* **Task details**
Look below for the line that has "Perceel KWK01-C-1509". Set down the lines from there through the line that has "Optique avant principal", exactly as written.

* **Data extract**
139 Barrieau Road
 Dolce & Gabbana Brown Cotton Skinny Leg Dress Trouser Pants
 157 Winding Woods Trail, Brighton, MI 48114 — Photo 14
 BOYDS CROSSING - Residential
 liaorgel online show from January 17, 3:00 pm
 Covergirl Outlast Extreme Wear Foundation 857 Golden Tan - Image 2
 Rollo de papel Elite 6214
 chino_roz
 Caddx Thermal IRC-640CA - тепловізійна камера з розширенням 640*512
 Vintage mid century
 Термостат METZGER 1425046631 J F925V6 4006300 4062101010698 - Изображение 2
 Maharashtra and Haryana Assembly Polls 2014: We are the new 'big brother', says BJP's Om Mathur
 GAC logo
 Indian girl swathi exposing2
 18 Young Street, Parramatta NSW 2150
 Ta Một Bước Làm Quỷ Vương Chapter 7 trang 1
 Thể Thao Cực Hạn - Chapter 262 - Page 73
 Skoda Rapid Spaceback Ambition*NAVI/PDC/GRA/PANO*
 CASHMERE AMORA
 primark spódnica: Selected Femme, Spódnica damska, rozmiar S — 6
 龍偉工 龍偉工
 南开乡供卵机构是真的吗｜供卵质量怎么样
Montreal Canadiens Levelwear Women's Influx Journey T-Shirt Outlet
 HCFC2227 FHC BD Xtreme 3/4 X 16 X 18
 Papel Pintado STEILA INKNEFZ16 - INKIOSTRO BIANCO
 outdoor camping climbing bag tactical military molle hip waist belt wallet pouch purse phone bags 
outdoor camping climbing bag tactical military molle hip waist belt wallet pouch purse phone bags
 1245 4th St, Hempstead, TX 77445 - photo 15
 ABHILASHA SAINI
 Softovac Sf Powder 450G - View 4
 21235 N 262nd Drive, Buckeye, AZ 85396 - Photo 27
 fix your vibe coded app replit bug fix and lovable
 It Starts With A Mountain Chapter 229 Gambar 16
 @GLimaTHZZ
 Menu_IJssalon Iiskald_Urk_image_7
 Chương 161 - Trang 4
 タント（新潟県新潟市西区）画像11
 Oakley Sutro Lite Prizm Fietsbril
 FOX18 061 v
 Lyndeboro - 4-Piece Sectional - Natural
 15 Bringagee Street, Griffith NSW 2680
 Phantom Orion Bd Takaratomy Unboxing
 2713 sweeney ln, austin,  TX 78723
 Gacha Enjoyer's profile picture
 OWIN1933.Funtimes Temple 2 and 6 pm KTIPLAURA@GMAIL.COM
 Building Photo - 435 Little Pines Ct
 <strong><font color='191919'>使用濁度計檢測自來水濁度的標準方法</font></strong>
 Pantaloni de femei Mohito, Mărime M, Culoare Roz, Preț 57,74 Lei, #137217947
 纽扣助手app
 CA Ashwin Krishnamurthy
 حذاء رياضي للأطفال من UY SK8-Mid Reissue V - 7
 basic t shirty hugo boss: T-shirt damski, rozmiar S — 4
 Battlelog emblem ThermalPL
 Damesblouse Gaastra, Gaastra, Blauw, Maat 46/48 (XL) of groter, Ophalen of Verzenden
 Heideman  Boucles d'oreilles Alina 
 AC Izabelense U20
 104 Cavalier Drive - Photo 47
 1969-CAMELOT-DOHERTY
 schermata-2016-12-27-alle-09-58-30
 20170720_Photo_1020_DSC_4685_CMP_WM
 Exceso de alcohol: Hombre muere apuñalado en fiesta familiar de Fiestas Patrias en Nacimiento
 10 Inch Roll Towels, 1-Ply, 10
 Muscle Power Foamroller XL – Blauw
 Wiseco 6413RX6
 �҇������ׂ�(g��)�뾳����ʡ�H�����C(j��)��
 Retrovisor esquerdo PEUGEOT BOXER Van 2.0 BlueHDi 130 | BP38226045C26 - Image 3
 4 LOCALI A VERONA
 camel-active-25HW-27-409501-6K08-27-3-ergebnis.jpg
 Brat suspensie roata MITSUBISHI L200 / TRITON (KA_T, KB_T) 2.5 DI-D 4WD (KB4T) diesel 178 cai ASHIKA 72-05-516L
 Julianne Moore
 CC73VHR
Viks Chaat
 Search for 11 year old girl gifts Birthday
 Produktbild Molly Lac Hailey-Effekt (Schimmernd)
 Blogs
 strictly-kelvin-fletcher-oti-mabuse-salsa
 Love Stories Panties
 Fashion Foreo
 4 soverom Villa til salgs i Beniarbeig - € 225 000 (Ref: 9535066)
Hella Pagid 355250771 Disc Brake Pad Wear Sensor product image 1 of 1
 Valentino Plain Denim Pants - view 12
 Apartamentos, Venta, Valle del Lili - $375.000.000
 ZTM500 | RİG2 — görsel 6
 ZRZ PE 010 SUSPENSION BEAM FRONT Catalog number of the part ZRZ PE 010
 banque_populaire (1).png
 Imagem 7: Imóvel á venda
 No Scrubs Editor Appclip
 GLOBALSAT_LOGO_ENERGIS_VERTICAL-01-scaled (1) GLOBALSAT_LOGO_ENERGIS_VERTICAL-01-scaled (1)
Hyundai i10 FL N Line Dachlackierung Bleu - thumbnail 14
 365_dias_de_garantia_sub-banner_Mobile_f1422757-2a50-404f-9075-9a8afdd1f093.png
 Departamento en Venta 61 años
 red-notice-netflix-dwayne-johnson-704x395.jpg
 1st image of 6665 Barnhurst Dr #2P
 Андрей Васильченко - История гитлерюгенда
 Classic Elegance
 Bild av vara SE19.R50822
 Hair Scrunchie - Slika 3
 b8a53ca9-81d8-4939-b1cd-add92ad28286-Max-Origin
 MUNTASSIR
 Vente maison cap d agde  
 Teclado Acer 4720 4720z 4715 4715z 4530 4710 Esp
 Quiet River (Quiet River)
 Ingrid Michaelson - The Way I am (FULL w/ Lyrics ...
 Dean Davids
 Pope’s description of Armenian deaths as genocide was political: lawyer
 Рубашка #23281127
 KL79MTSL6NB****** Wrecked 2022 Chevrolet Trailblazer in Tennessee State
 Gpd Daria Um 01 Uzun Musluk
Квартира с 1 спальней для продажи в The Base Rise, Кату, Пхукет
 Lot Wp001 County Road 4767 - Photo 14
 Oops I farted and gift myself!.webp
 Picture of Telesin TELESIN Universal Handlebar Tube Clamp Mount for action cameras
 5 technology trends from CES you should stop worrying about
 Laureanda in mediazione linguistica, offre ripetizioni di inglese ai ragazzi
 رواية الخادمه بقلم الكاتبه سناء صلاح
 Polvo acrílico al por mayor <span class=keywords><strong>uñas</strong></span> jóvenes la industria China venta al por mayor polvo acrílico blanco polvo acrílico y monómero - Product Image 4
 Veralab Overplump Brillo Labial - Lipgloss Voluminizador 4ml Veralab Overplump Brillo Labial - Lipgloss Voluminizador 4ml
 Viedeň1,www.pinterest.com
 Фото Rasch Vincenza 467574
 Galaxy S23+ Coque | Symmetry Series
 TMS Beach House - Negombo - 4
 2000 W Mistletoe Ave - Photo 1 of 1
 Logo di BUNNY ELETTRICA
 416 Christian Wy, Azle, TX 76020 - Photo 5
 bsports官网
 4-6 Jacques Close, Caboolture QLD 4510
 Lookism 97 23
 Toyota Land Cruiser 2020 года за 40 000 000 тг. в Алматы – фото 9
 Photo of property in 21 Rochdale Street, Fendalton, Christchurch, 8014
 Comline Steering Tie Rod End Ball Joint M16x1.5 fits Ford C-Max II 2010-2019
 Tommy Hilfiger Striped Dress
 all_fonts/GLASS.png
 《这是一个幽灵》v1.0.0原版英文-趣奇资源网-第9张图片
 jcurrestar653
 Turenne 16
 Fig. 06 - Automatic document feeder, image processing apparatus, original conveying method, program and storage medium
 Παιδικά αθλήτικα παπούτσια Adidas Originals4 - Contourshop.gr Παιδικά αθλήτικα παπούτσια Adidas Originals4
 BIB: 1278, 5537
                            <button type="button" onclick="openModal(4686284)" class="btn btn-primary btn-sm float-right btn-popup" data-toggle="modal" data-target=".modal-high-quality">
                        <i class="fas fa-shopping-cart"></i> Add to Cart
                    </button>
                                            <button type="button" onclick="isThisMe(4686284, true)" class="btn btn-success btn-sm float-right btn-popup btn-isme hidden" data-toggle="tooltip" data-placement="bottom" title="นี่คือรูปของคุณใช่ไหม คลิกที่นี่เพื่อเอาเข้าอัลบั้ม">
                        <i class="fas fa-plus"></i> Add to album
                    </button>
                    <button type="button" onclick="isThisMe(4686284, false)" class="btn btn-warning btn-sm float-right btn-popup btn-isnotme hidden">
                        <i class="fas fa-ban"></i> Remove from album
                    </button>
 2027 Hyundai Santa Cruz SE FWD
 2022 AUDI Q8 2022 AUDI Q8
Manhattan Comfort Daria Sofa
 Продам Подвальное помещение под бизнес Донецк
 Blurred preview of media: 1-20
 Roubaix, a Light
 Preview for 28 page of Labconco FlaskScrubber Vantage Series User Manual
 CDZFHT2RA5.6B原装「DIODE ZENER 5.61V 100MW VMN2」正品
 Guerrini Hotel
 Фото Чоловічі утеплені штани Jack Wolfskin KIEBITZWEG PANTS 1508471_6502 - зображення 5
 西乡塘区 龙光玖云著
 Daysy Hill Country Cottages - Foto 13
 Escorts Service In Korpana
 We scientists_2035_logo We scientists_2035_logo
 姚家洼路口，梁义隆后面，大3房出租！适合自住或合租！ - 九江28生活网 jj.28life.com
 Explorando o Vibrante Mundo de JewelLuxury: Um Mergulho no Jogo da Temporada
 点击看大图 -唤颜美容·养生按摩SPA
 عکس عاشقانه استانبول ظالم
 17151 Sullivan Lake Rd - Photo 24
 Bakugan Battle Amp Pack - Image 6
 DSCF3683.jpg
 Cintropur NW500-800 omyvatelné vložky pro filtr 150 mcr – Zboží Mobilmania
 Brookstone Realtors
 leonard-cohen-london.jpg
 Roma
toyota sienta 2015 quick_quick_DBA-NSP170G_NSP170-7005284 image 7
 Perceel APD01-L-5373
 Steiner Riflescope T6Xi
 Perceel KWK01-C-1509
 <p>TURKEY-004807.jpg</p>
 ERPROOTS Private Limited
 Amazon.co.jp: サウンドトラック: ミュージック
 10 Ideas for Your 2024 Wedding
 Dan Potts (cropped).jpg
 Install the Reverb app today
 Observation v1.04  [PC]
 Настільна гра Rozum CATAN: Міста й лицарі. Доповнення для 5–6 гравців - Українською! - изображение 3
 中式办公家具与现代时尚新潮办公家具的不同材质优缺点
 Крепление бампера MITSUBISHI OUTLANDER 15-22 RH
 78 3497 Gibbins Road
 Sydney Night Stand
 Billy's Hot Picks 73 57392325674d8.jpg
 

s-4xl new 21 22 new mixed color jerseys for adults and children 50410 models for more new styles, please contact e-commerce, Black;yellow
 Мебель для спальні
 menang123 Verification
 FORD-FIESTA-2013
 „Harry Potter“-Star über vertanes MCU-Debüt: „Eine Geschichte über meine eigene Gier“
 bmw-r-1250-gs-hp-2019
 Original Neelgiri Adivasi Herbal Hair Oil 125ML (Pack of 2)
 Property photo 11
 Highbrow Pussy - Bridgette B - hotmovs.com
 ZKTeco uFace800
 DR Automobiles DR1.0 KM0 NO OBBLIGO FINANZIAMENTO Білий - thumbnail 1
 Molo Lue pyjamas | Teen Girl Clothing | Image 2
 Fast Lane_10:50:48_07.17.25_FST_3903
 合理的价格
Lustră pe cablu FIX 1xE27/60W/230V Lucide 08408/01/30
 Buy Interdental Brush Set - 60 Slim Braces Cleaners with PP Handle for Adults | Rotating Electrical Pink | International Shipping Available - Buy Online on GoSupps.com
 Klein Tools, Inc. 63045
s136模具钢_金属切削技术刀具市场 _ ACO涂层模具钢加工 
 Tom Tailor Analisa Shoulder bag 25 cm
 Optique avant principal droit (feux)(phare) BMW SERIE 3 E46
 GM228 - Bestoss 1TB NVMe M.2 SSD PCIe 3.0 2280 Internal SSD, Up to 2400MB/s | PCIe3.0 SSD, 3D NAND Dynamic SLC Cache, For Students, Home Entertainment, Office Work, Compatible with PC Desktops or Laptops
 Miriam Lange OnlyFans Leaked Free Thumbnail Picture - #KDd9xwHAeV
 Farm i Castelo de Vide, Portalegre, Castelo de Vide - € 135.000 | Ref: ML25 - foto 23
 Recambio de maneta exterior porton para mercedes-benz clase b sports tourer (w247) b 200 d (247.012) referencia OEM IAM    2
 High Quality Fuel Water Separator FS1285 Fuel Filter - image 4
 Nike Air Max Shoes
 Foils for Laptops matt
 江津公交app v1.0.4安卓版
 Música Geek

* **Your solution**
 Perceel KWK01-C-1509
 <p>TURKEY-004807.jpg</p>
 ERPROOTS Private Limited
 Amazon.co.jp: サウンドトラック: ミュージック
 10 Ideas for Your 2024 Wedding
 Dan Potts (cropped).jpg
 Install the Reverb app today
 Observation v1.04  [PC]
 Настільна гра Rozum CATAN: Міста й лицарі. Доповнення для 5–6 гравців - Українською! - изображение 3
 中式办公家具与现代时尚新潮办公家具的不同材质优缺点
 Крепление бампера MITSUBISHI OUTLANDER 15-22 RH
 78 3497 Gibbins Road
 Sydney Night Stand
 Billy's Hot Picks 73 57392325674d8.jpg
 

s-4xl new 21 22 new mixed color jerseys for adults and children 50410 models for more new styles, please contact e-commerce, Black;yellow
 Мебель для спальні
 menang123 Verification
 FORD-FIESTA-2013
 „Harry Potter“-Star über vertanes MCU-Debüt: „Eine Geschichte über meine eigene Gier“
 bmw-r-1250-gs-hp-2019
 Original Neelgiri Adivasi Herbal Hair Oil 125ML (Pack of 2)
 Property photo 11
 Highbrow Pussy - Bridgette B - hotmovs.com
 ZKTeco uFace800
 DR Automobiles DR1.0 KM0 NO OBBLIGO FINANZIAMENTO Білий - thumbnail 1
 Molo Lue pyjamas | Teen Girl Clothing | Image 2
 Fast Lane_10:50:48_07.17.25_FST_3903
 合理的价格
Lustră pe cablu FIX 1xE27/60W/230V Lucide 08408/01/30
 Buy Interdental Brush Set - 60 Slim Braces Cleaners with PP Handle for Adults | Rotating Electrical Pink | International Shipping Available - Buy Online on GoSupps.com
 Klein Tools, Inc. 63045
s136模具钢_金属切削技术刀具市场 _ ACO涂层模具钢加工 
 Tom Tailor Analisa Shoulder bag 25 cm
 Optique avant principal droit (feux)(phare) BMW SERIE 3 E46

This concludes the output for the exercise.